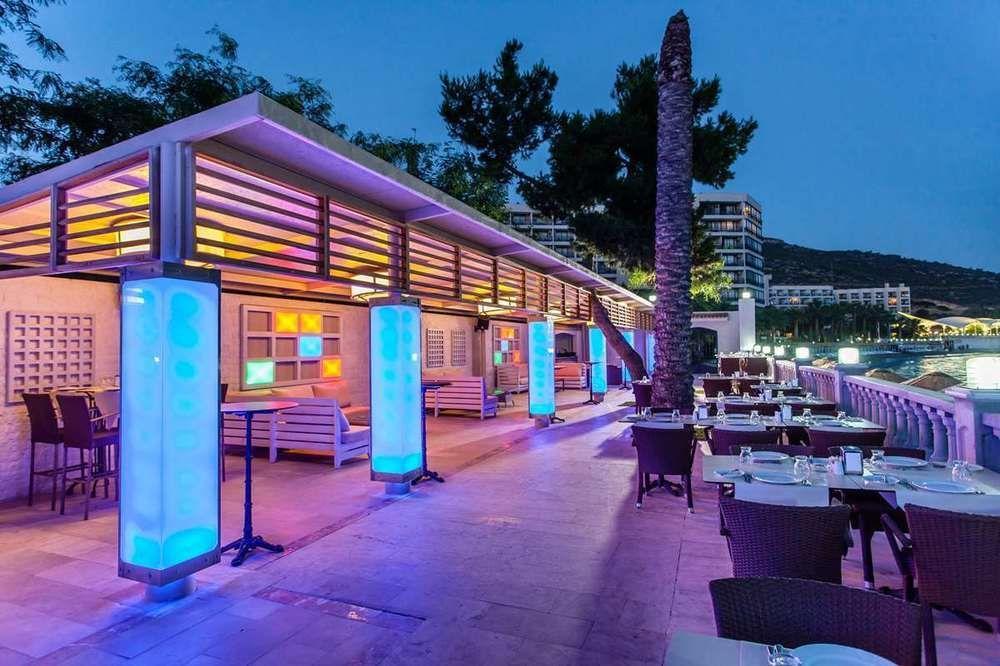 Tusan Resort Kuşadası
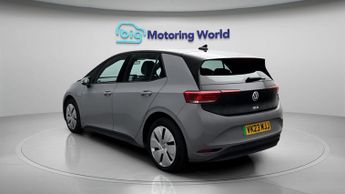 Volkswagen ID.3 LIFE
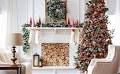 41 Christmas Living Room Ideas to Get Your Home Ready for the Holidays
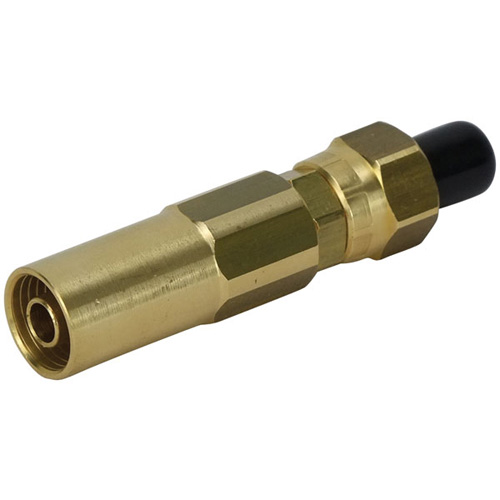 Ultraflex Connector For 3R75/16 Tube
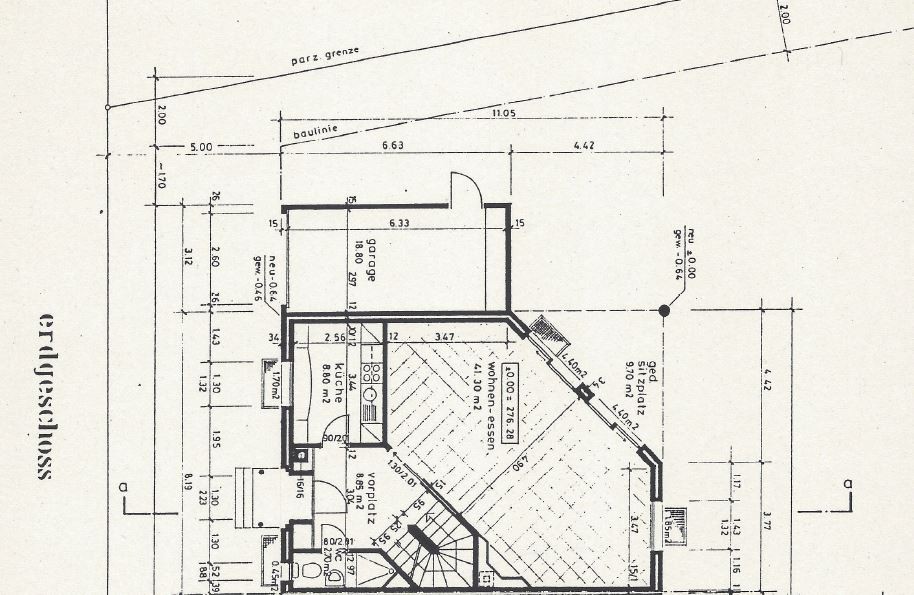 Maison individuelle de 3 ½ pièces, photo 4 sur 10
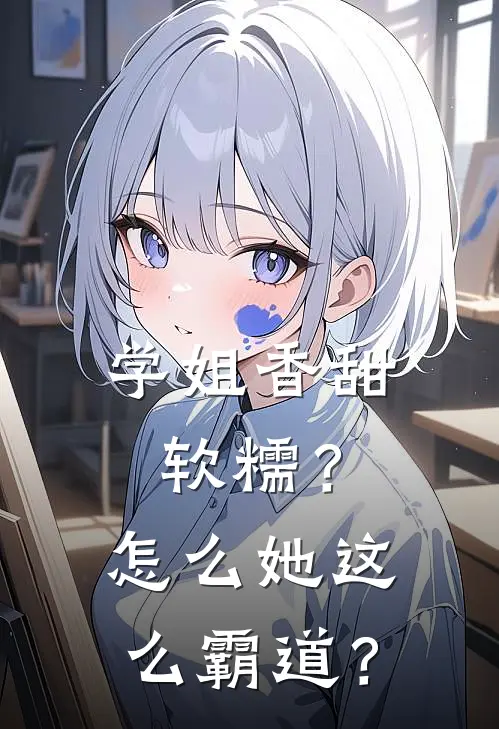 学姐香甜软糯？怎么她这么霸道？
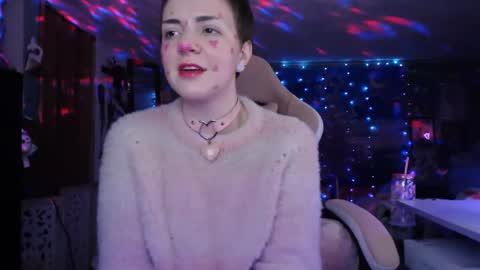 NerdySquirty online show from February 2025 05:09:01 AM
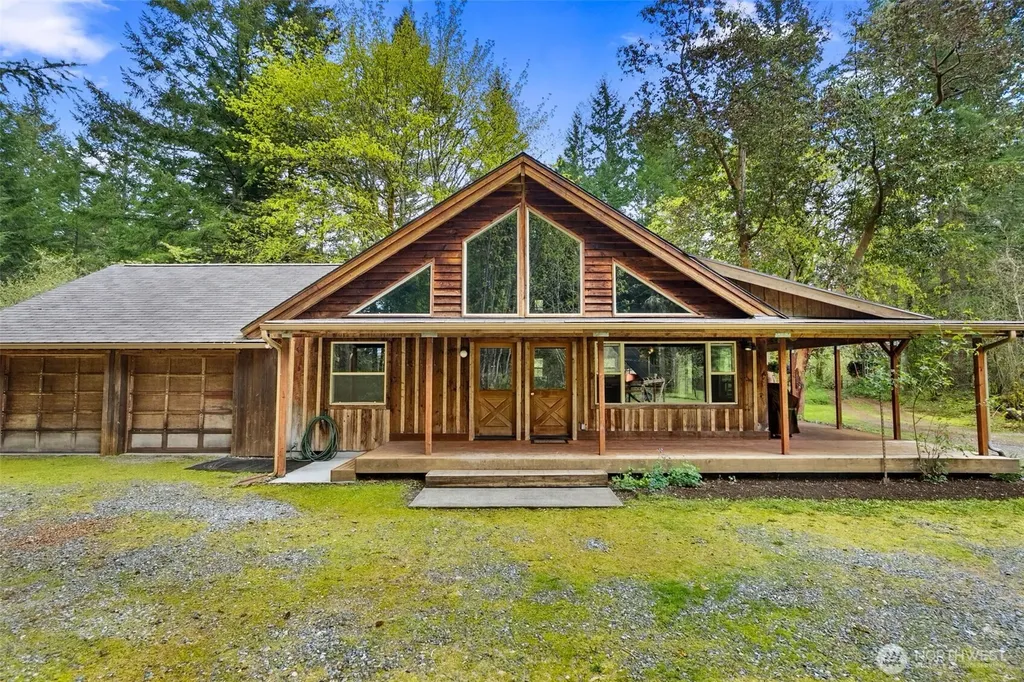 22110 Elbow Lake Road SE Yelm WA 98597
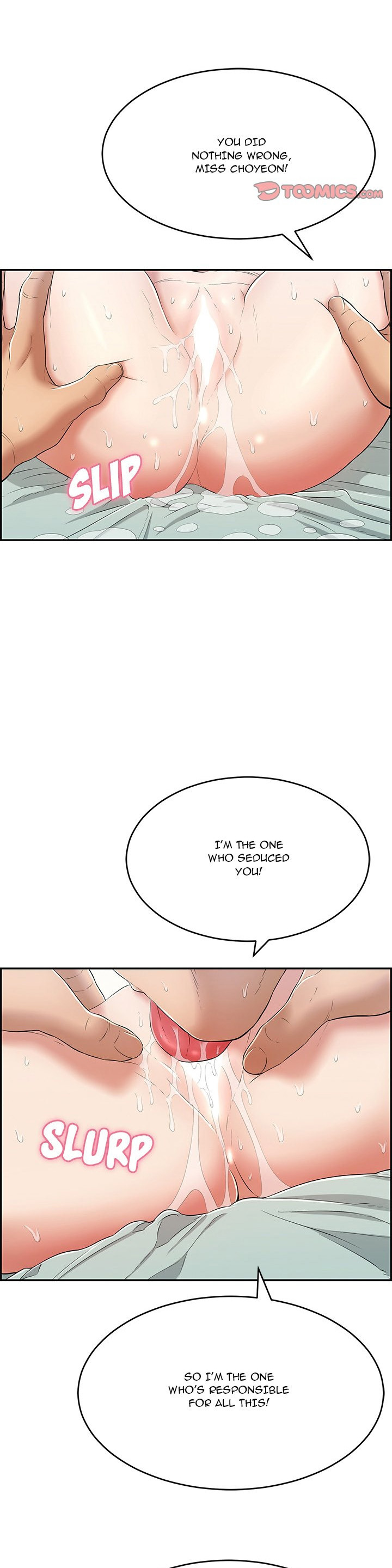 A Killer Woman - Chapter 82 [photo 19] - MangaPorn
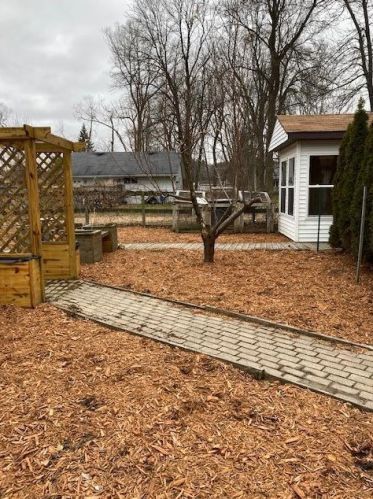 3914 Ellis St, Manitowoc WI  54220-3532 exterior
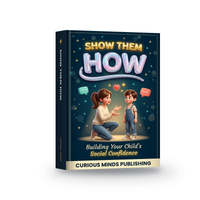 Show Them How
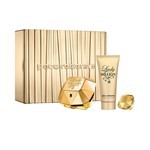 Paco Rabanne Lady Million Edp 80 ml + Body Lotion Y Edp 5 ml 80 ml + Body Lotion Y Edp 5 ml 21 dm #1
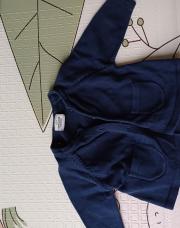 Gilet tao 3 mois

## Exercise prompt
Going from the line that holds "A Killer Woman" to the end of the listing above, copy each line exactly and nothing more, leaving pictures aside.

## Finished exercise
 A Killer Woman - Chapter 82 [photo 19] - MangaPorn
 3914 Ellis St, Manitowoc WI  54220-3532 exterior
 Show Them How
 Paco Rabanne Lady Million Edp 80 ml + Body Lotion Y Edp 5 ml 80 ml + Body Lotion Y Edp 5 ml 21 dm #1
 Gilet tao 3 mois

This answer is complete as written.